▸ **EXERCISE**
Omit the pictures while printing every entry below exactly as given.

▸ **DATASET RECORDS**
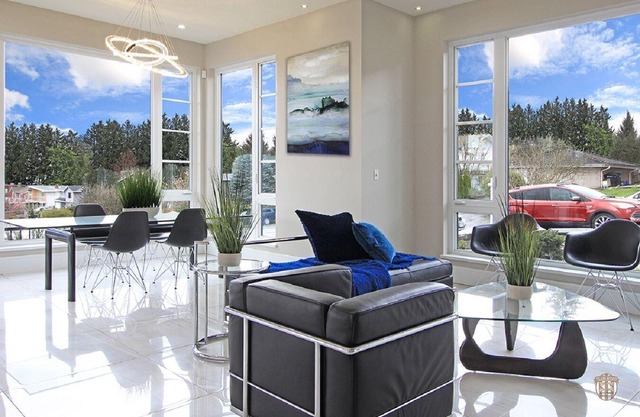 2025 Family Friendly 7 Bed Rooms house The Chateau - ST No. 00177094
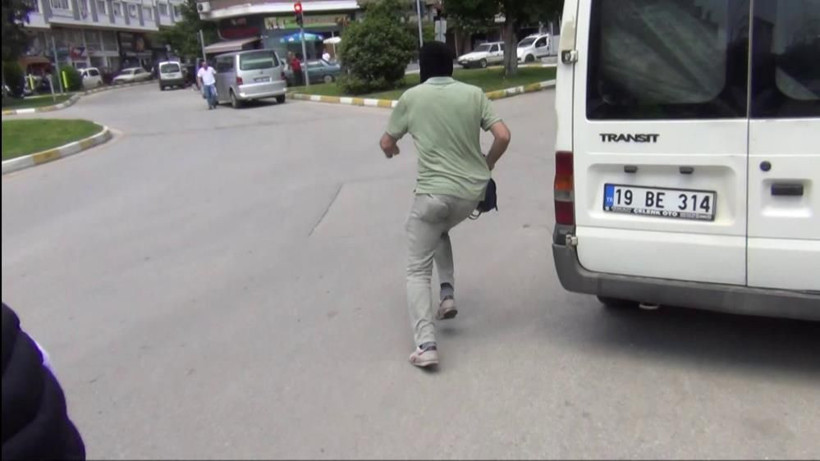 Filmleri aratmayan tatbikat! Gerçek sandılar: Hırsız kılığındaki polisi yakalamaya çalıştılar! - Resim: 4
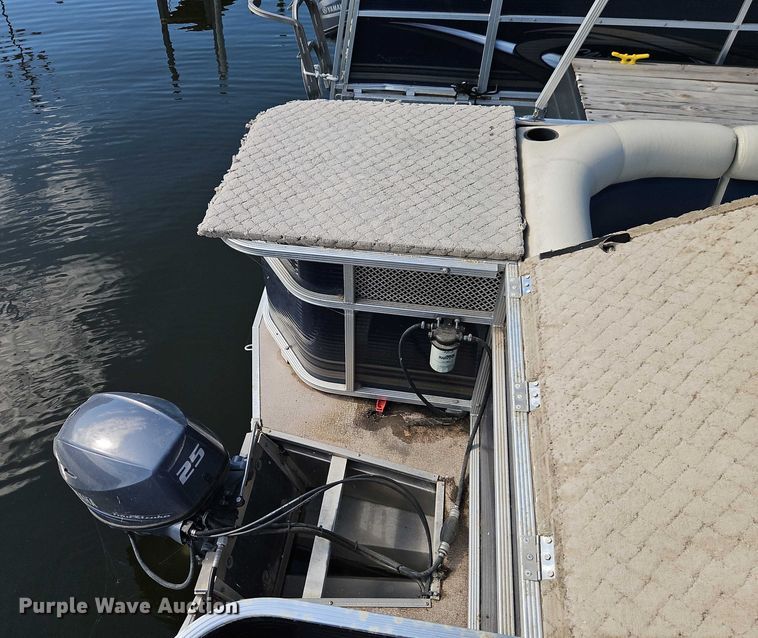 image for item EB8385 2018 Playcraft Clipper 2400 pontoon boat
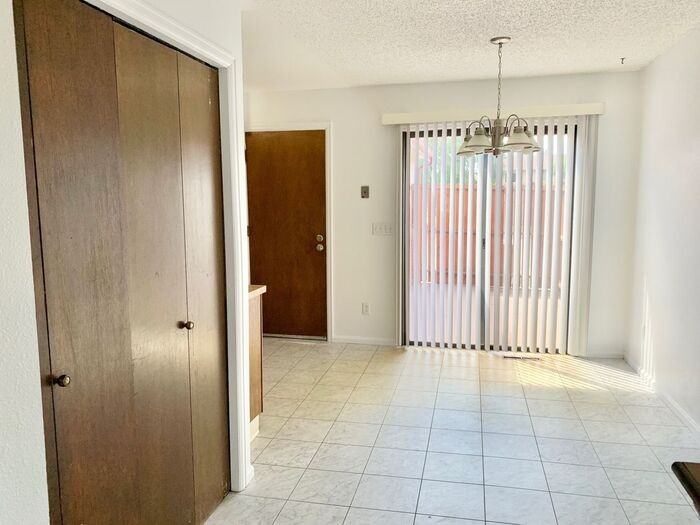 1543 Kennedy Ave - Photo 6 of 13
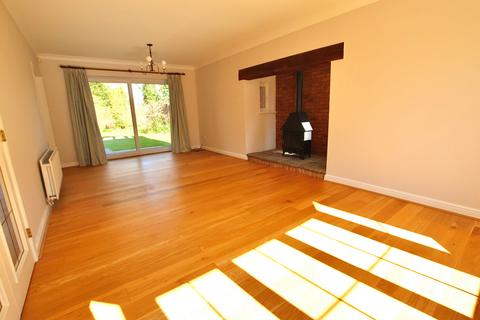 5 bedroom detached house for sale, Pagnell Court, Northampton NN4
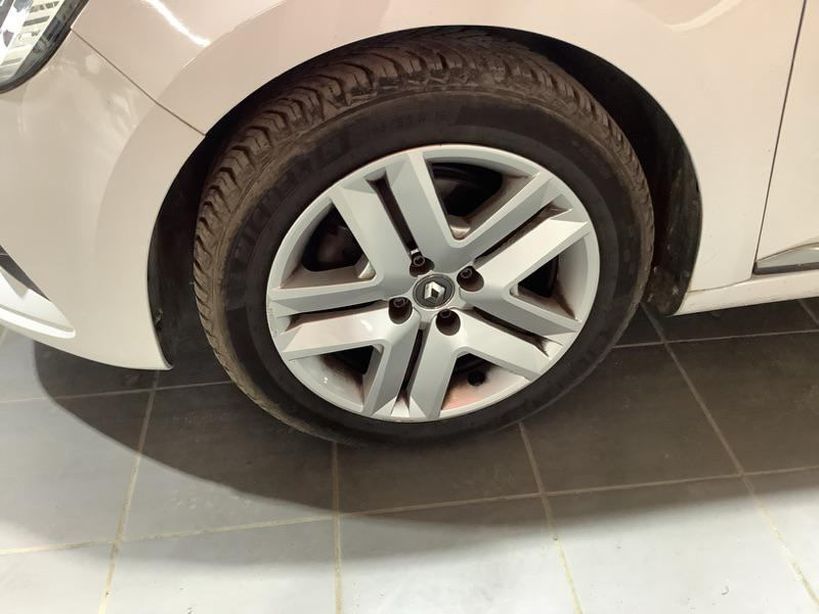 RENAULT CLIO V 2020 - Photo n°5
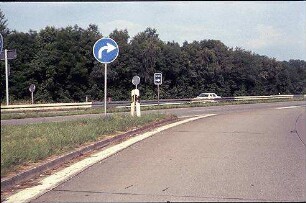 Ausfahrt aus Kreisel (Basel Richtung Umkirch) zu B31a (Freiburg Richtung Umkirch)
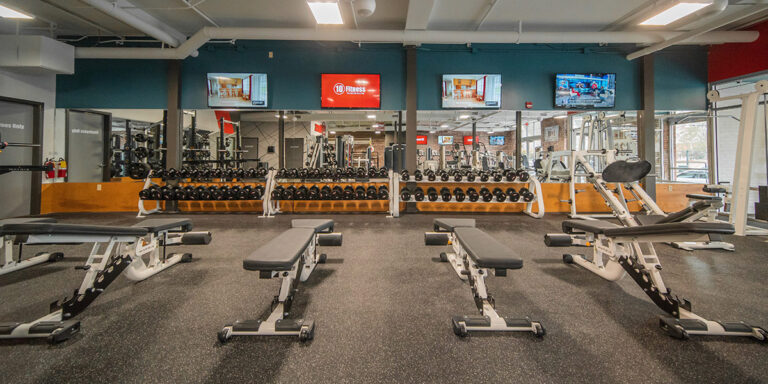 una foto amplia del interior del club Downtown Little Rock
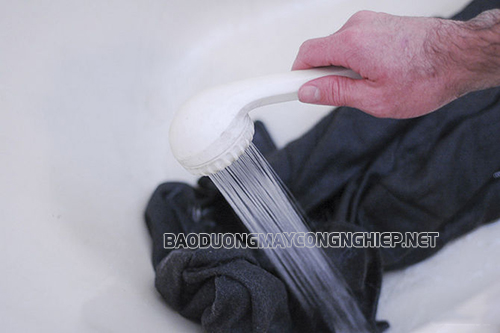 Ngâm thảm trong nước lạnh trước khi giặt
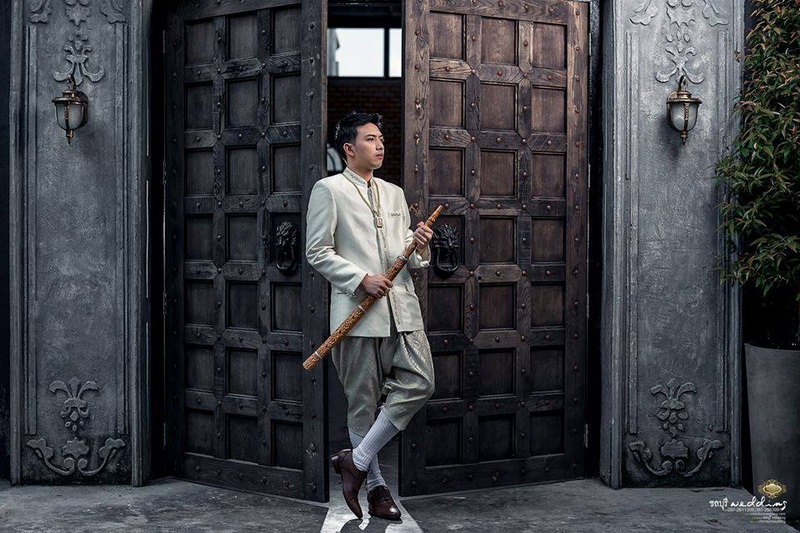 ชุดเจ้าบ่าวงานเช้า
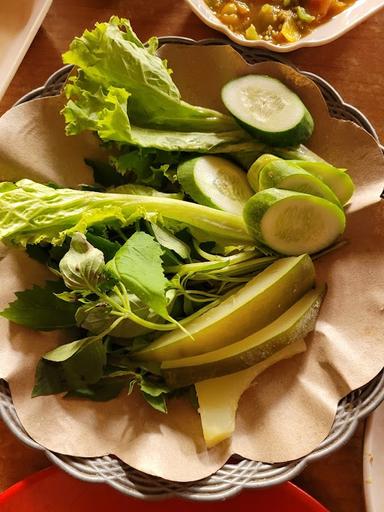 RUMAH MAKAN BELUT TEH UUM BAROS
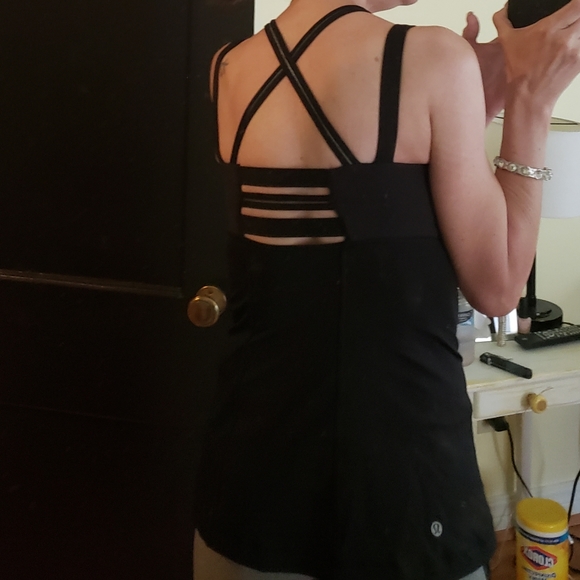Lululemon tank cute strappy back - Picture 2 of 5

▸ **ANSWER SECTION**
 2025 Family Friendly 7 Bed Rooms house The Chateau - ST No. 00177094
 Filmleri aratmayan tatbikat! Gerçek sandılar: Hırsız kılığındaki polisi yakalamaya çalıştılar! - Resim: 4
 image for item EB8385 2018 Playcraft Clipper 2400 pontoon boat
 1543 Kennedy Ave - Photo 6 of 13
 5 bedroom detached house for sale, Pagnell Court, Northampton NN4
 RENAULT CLIO V 2020 - Photo n°5
 Ausfahrt aus Kreisel (Basel Richtung Umkirch) zu B31a (Freiburg Richtung Umkirch)
 una foto amplia del interior del club Downtown Little Rock
 Ngâm thảm trong nước lạnh trước khi giặt
 ชุดเจ้าบ่าวงานเช้า
 RUMAH MAKAN BELUT TEH UUM BAROS
Lululemon tank cute strappy back - Picture 2 of 5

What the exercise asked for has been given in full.